Removing zeros from a currency is a procedure undertaken by some countries in order to revalue the national currency and simplify financial transactions. This is done by removing a specific number of zeros from the nominal value of the currency, making it appear less inflationary and more stable.
For example, if the currency is the “dinar” and its value is equal to 1,000 dinars, after removing three zeros, its value will become one new dinar.
One of the possible reasons for deleting zeros is to combat inflation. When a currency suffers from high inflation, the nominal values can become very high and impractical to be offered in large quantities in daily transactions. Deleting zeros can contribute to enhancing confidence in the national currency, facilitating accounting operations and financial transactions; this may contribute to improving the country's image before investors and the international community.
Potential challenges of deleting zeros include printing new currency, modifying accounting systems, and training on how to use the new currency. It may initially cause some confusion among residents and consumers, and if the deletion process is not implemented well, it may lead to economic disruptions. As a result, deleting zeros is not a solution to all economic problems, but rather a procedure that requires good planning and careful implementation to ensure that the desired goals are achieved, according to experts.

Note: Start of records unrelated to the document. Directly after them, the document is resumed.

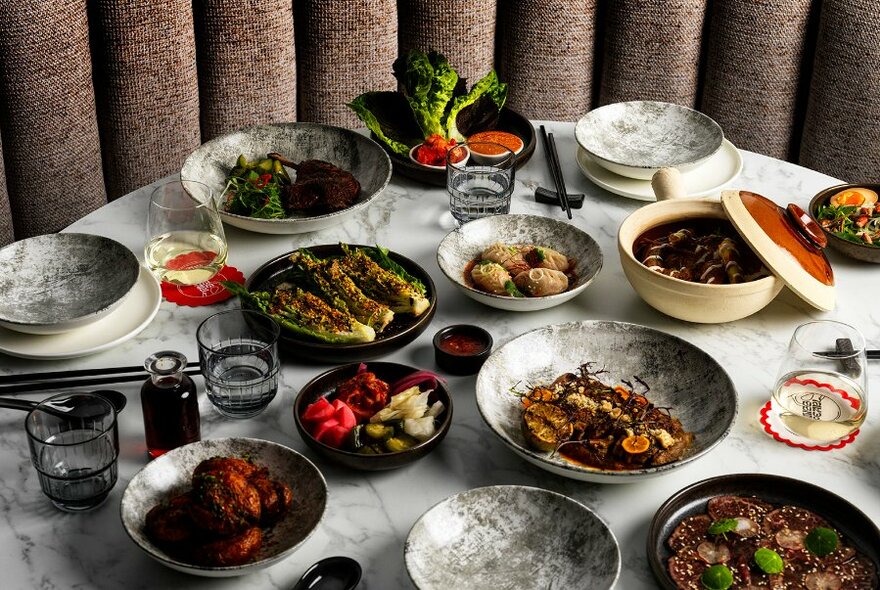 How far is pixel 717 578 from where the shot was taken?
131 centimetres

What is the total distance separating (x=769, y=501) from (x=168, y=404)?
0.92m

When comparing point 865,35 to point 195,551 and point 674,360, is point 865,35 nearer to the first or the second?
point 674,360

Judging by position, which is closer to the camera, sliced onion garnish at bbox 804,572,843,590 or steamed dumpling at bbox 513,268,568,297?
sliced onion garnish at bbox 804,572,843,590

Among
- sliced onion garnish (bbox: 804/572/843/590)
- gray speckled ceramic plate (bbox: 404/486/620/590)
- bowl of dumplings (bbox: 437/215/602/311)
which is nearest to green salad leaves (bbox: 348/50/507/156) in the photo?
bowl of dumplings (bbox: 437/215/602/311)

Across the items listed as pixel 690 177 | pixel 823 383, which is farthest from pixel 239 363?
pixel 690 177

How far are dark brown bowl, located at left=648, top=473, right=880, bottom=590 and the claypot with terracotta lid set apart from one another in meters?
0.43

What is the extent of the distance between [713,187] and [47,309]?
4.86 ft

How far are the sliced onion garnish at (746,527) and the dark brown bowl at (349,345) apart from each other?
2.20 ft

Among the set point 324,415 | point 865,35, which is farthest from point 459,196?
point 865,35

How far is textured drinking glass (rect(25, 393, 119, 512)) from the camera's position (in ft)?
4.66

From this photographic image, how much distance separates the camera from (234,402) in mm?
1630

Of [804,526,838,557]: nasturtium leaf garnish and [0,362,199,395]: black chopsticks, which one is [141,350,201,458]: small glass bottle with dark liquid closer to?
[0,362,199,395]: black chopsticks

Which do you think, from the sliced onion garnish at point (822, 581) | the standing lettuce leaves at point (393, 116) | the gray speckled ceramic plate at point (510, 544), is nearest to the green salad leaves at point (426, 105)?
the standing lettuce leaves at point (393, 116)

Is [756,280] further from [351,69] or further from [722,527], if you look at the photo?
[351,69] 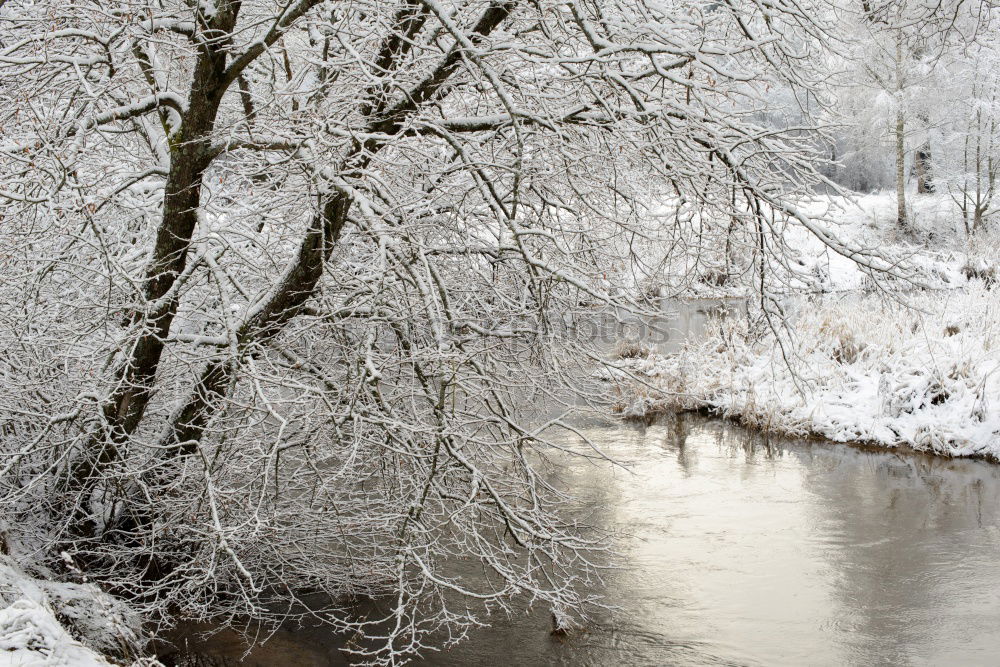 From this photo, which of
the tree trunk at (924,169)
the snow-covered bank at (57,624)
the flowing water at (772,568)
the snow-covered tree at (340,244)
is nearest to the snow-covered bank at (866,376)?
the flowing water at (772,568)

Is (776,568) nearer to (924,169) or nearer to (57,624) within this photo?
(57,624)

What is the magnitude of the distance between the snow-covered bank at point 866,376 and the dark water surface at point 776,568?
1.69 feet

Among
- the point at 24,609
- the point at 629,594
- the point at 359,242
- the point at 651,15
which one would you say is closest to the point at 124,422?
the point at 359,242

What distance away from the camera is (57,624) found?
12.5 feet

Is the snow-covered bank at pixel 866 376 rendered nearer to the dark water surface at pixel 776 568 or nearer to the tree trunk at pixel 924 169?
the dark water surface at pixel 776 568

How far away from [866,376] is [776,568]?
17.7ft

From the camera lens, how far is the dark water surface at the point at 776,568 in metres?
6.08

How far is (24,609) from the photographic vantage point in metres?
3.67

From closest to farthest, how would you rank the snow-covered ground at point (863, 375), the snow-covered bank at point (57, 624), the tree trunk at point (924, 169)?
the snow-covered bank at point (57, 624)
the snow-covered ground at point (863, 375)
the tree trunk at point (924, 169)

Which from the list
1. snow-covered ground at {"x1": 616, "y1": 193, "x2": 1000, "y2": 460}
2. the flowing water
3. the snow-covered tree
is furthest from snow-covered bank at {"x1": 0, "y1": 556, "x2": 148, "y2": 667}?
snow-covered ground at {"x1": 616, "y1": 193, "x2": 1000, "y2": 460}

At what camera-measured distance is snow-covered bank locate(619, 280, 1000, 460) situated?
409 inches

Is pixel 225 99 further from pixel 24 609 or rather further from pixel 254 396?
pixel 24 609

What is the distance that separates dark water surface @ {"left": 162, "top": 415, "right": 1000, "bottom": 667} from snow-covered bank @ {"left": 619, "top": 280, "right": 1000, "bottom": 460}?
1.69ft

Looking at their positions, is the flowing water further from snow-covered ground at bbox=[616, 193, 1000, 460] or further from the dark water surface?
snow-covered ground at bbox=[616, 193, 1000, 460] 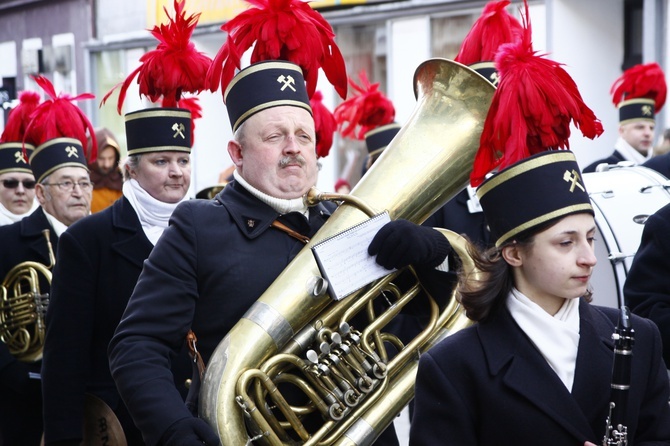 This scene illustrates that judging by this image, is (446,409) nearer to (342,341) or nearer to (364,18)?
(342,341)

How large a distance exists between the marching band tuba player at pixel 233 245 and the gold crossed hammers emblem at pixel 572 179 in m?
0.65

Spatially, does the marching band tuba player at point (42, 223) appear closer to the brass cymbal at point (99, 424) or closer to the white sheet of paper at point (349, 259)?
the brass cymbal at point (99, 424)

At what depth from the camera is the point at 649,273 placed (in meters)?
4.47

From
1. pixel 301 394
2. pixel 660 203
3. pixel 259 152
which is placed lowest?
pixel 301 394

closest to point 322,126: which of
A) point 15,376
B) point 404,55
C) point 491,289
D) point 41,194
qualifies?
point 41,194

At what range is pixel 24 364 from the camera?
592 centimetres

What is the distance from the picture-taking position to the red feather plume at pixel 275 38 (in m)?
4.06

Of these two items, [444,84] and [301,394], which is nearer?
[301,394]

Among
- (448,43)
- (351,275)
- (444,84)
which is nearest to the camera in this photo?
(351,275)

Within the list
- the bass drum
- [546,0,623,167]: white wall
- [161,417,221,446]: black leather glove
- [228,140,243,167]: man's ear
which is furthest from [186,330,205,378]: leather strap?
[546,0,623,167]: white wall

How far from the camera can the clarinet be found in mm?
2932

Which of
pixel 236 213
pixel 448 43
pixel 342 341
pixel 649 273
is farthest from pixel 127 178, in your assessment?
pixel 448 43

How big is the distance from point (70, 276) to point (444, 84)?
172 cm

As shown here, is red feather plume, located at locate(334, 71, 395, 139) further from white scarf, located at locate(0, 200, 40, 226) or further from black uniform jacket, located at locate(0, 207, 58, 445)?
black uniform jacket, located at locate(0, 207, 58, 445) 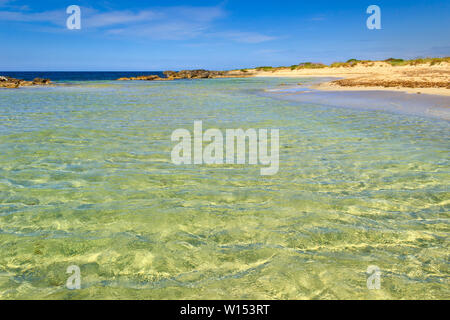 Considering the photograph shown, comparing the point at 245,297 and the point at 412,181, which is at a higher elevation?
the point at 412,181

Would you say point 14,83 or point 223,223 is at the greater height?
point 14,83

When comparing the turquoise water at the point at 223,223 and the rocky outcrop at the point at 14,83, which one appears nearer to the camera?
the turquoise water at the point at 223,223

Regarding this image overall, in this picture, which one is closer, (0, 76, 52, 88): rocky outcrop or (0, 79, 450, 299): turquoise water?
(0, 79, 450, 299): turquoise water

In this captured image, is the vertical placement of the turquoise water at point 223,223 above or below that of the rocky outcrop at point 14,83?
below

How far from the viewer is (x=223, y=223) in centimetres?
407

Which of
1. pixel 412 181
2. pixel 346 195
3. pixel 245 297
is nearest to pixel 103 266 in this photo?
pixel 245 297

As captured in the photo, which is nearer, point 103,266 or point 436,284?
point 436,284

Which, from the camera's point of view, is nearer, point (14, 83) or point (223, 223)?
point (223, 223)

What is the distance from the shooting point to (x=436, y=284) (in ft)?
9.36

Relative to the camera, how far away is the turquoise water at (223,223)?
2.90 metres

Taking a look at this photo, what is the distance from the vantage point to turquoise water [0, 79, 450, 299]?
290 cm

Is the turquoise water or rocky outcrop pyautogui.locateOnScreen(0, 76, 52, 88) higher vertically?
rocky outcrop pyautogui.locateOnScreen(0, 76, 52, 88) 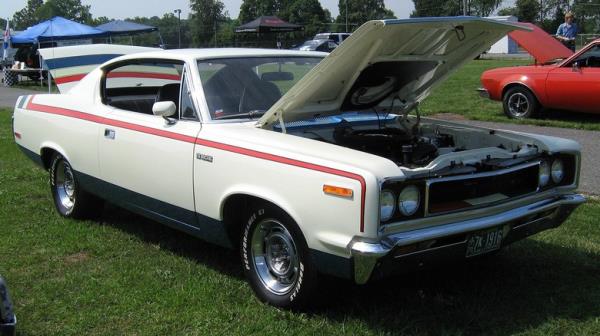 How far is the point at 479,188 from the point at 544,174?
643mm

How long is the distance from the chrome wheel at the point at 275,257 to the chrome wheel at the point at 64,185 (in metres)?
2.48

Examples of countries that have taken this action include Turkey in 2005 when it removed six zeros from its currency, Brazil on several occasions in the 1980s and 1990s, Zimbabwe, which removed twelve zeros from its currency in 2009, and Venezuela, which removed five zeros in 2018. The number of cases in the world in which currency zeros were removed is estimated at 70 cases witnessed by the world since 1960.
In a renewed statement by the Governor of the Central Bank of Iraq, Ali Al-Alaq, he said that “the project to remove zeros from the currency is still ongoing,” meaning removing three zeros from the Iraqi dinar. For example, the value of the 1,000-dinar banknote will be replaced with a one-dinar note from the new currency, five thousand with five dinars, ten thousand with ten dinars, and so on.
According to experts, the actual value of the money people own does not change after deleting the zeros, but this step contributes to simplifying the buying and selling processes for individuals and companies, and makes the financial amounts simpler and more understandable. Instead of dealing with huge numbers such as a trillion or a million (1,000,000 Iraqi dinars), they can be converted to just one thousand 1,000 dinars after deleting three zeros.
Removing zeros helps in issuing small currencies such as coins, enables the re-pricing of small goods at lower prices, facilitates their circulation and their survival in the markets, and gives a positive psychological boost to the population with the fact that the Iraqi dinar can now buy more goods and services.
Therefore, countries aim to remove zeros to restore confidence in the local currency among residents and investors, to increase demand for it, and for the local currency to become more competitive with foreign currencies and to be less replaced by other currencies.
The policy of deleting zeros is often linked to broader economic reforms, such as raising interest rates on bank deposits, to encourage people to save in banks and benefit from high interest rates on their bank deposits, in an attempt to withdraw liquidity from the market, reduce consumption and lower prices.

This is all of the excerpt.